Apprentice Learner: Artificial Intelligence (AI) in the Classroom

by Sarah Hampton

One of my favorite things about CIRCLS is the opportunity to collaborate with education researchers and technology developers. Our goal as a community is to innovate education using technology and the learning sciences to give more learners engaging educational experiences to help them gain deep understanding. To reach that goal, we need expertise from many areas: researchers who study how we learn best, teachers who understand how new technologies can be integrated, and developers who turn ideas into hardware or software.

Recently I’ve been reminded of an opportunity when Judi, Pati, and I meet with Daniel Weitekemp in June of 2020. Daniel, a PhD student at Carnegie Mellon University at the time, was developing an AI tool for teachers called Apprentice Learner.

A stacked addition problem demonstrating carrying. "839 + 445 = 1284" Space below the problem displays "hint," "done," "previous," and "next" buttons.

Figure 1. Apprentice Learner Interface that students use when interacting with Apprentice Learner. The user can request a hint or type in their answer and then hit done.

Apprentice Learner looks a bit like a calculator at first glance, so an onlooker might be tempted to say, “What’s so cutting edge about this? We’ve been able to do basic math on calculators for years.” But we need to understand the difference between traditional software and software using artificial intelligence (AI) to appreciate the new benefits this kind of tool can bring to the education table.

In a basic calculator, there’s an unchanging program that tells the screen to display “1284” when you type in “839+445.” There’s no explanation given for how and why the programming behind a calculator works. Yet, for each math problem someone could type in a calculator, there is an answer that has been explicitly programmed to be displayed on the screen.

Contrast a calculator to Apprentice Learner, which uses machine learning (a type of artificial intelligence). No one tells Apprentice Learner to display “1284” when it sees 839+445.” Instead, it has some basic explicit instructions and is given lots of examples of correctly solved problems adding 2 or more columns of numbers. Then it has to figure out how to answer new questions. The examples it is given are called training data. In this case, Apprentice Learner was given explicit instructions about adding single digit numbers and then lots of training data–multidigit addition problems with their answers–maybe problems like “21+43=64,” “49+8=57,” and “234+1767=2001.” Then, it starts guessing at ways to arrive at the answers given from the training data.

The first guess might be to stack the numbers and add each column from left to right. That works perfectly for “21+43,” but gives an incorrect answer of “129” for “49+8.”

The second guess might be to stack the numbers and add each column from right to left. Again, that works perfectly for “21+43.” Unfortunately, that would give an answer of “417” for “49+8.”

The software continues finding patterns and trying out models until it finds one that fits the training data best. You can see below that, eventually, Apprentice Learner “figured out” how to regroup (aka carry) so it could arrive at the correct answer.

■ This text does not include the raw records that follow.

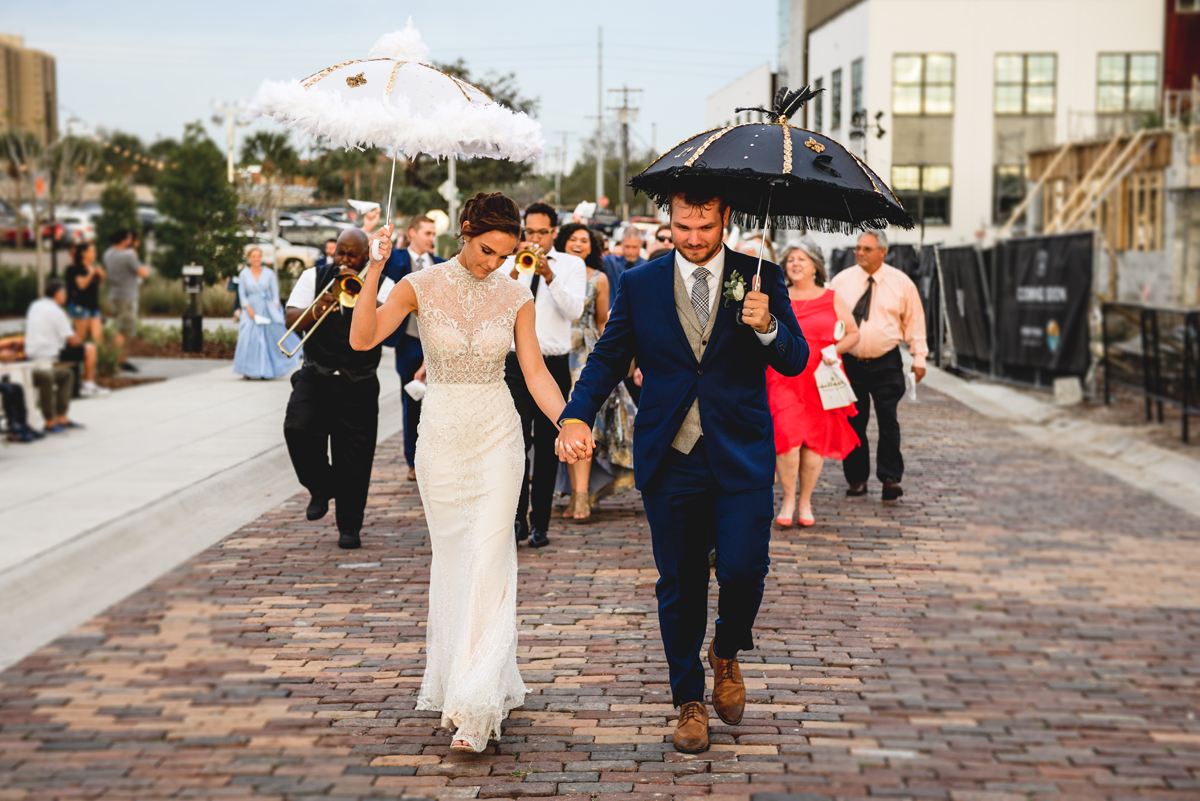 Tampa Wedding at Armature Works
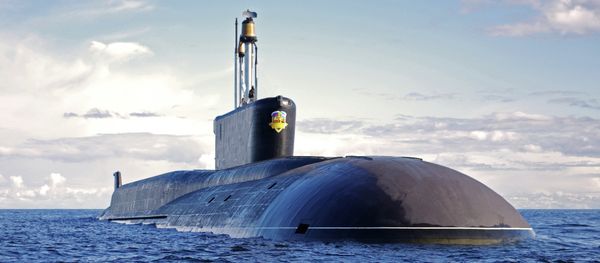 Russia's Alexander Nevsky nuclear submarine. - Sputnik International
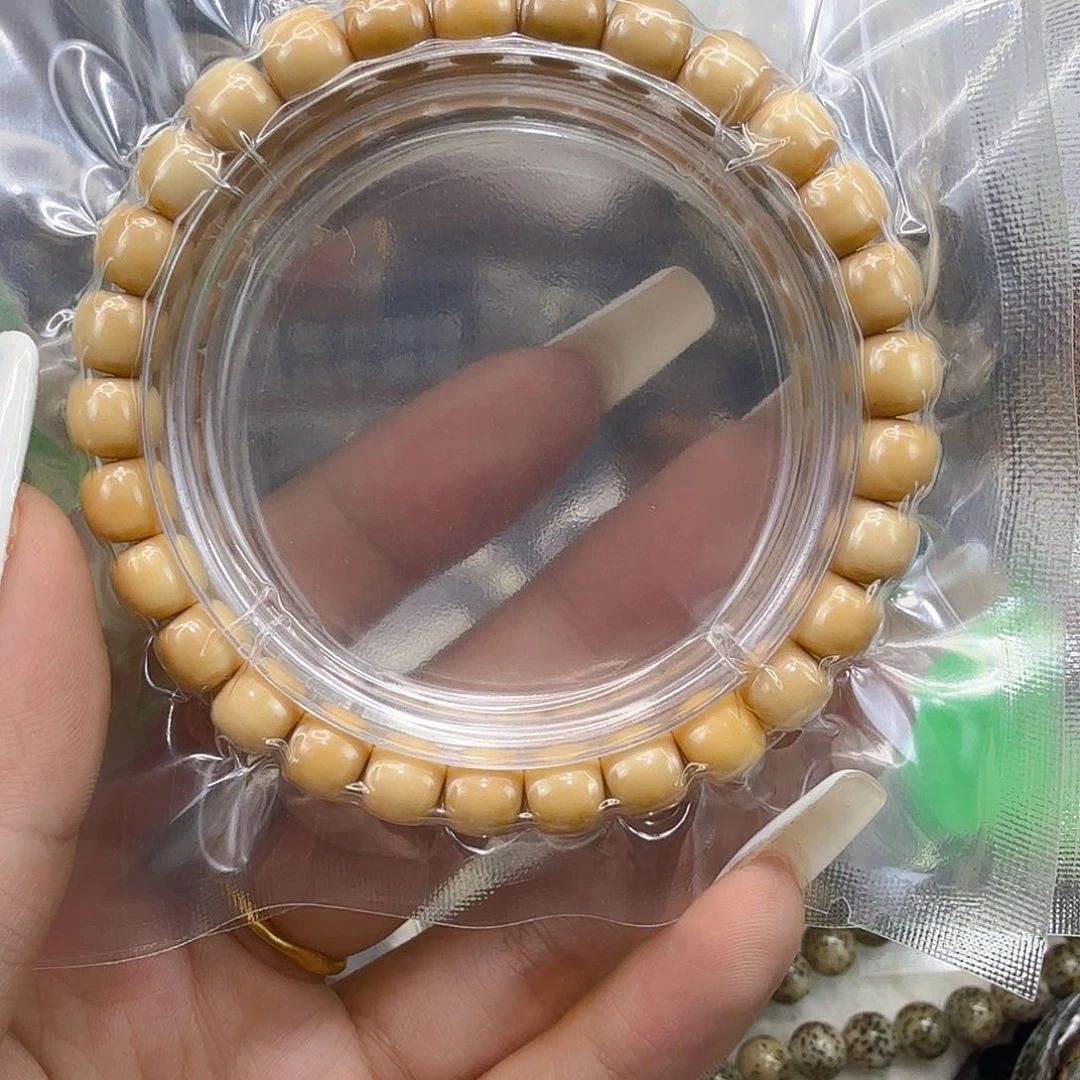 星月菩提手串66骑士龙脊菩提87桶单圈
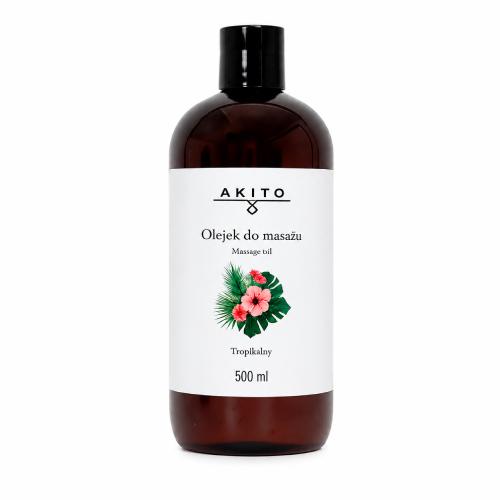 Miniaturka artykułu - Akito Olejek do masażu tropikalny, 500 ml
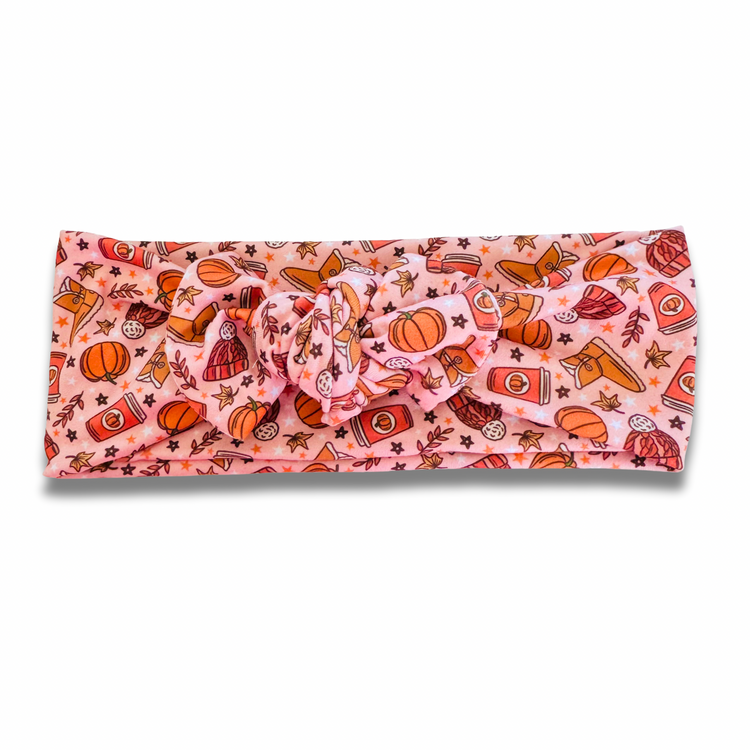 Fall Girl Sweetie Headband Sewing Sweethearts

So what are the implications for something like this in education? Here are a few of my thoughts:

Apprentice Learner models inductive learning which can help pre-service teachers.

Induction is the process of establishing a general law by observing multiple specific examples. It’s the basic principle machine learning uses. In addition, inductive reasoning tasks such as identifying similarities and differences, pattern recognition, generalization, and hypothesis generation play important roles when learning mathematics. (See Haverty, Koedinger, Klahr, Alibali). Multiple studies have shown that greater learning occurs when students induce mathematical principles themselves first rather than having the principles directly explained at the onset. (See Zhu and Simon, Klauer, and Koedinger and Anderson)

However, instructional strategies that promote students to reason inductively prior to direct instruction can be difficult for math teachers to implement if they haven’t experienced learning math this way themselves. Based on conversations with multiple math teacher colleagues throughout the years, most of us learned math in more direct manners i.e., the teacher shows and explains the procedure first and then the learner imitates it with practice problems. (Note: even this language communicates that there is “one right way” to do math unlike induction in which all procedures are evaluated for usefulness. This could be a post in its own right.)

Apprentice Learner could provide a low-stakes experience to encourage early-career teachers to think through math solutions inductively. Helping teachers recognize and honor multiple student pathways to a solution empowers students, helps foster critical thinking, and increases long-term retention. (See Atta, Ayaz, and Nawaz and Pokharel) This could also help teachers preempt student misconceptions (like column misalignment caused by a misunderstanding of place values and digits) and be ready with counterexamples to show why those misconceptions won’t work for every instance, much like I demonstrated above with Apprentice Learner’s possible first and second guess at how multi-digit addition works. Ken Koedinger, professor of human-computer interaction and psychology at CMU put it like this, “The machine learning system often stumbles in the same places that students do. As you’re teaching the computer, we can imagine a teacher may get new insights about what’s hard to learn because the machine has trouble learning it.”

The right training data is crucial.
What would have happened if there were only some types of problems in the training data? What if they were all two digit numbers? Then it wouldn’t have mattered if you stacked them left to right or right to left. What if none required regrouping/carrying? Then adding right to left is a perfectly acceptable way to add in every instance. But when all the edge cases are included, the model is more accurate and robust.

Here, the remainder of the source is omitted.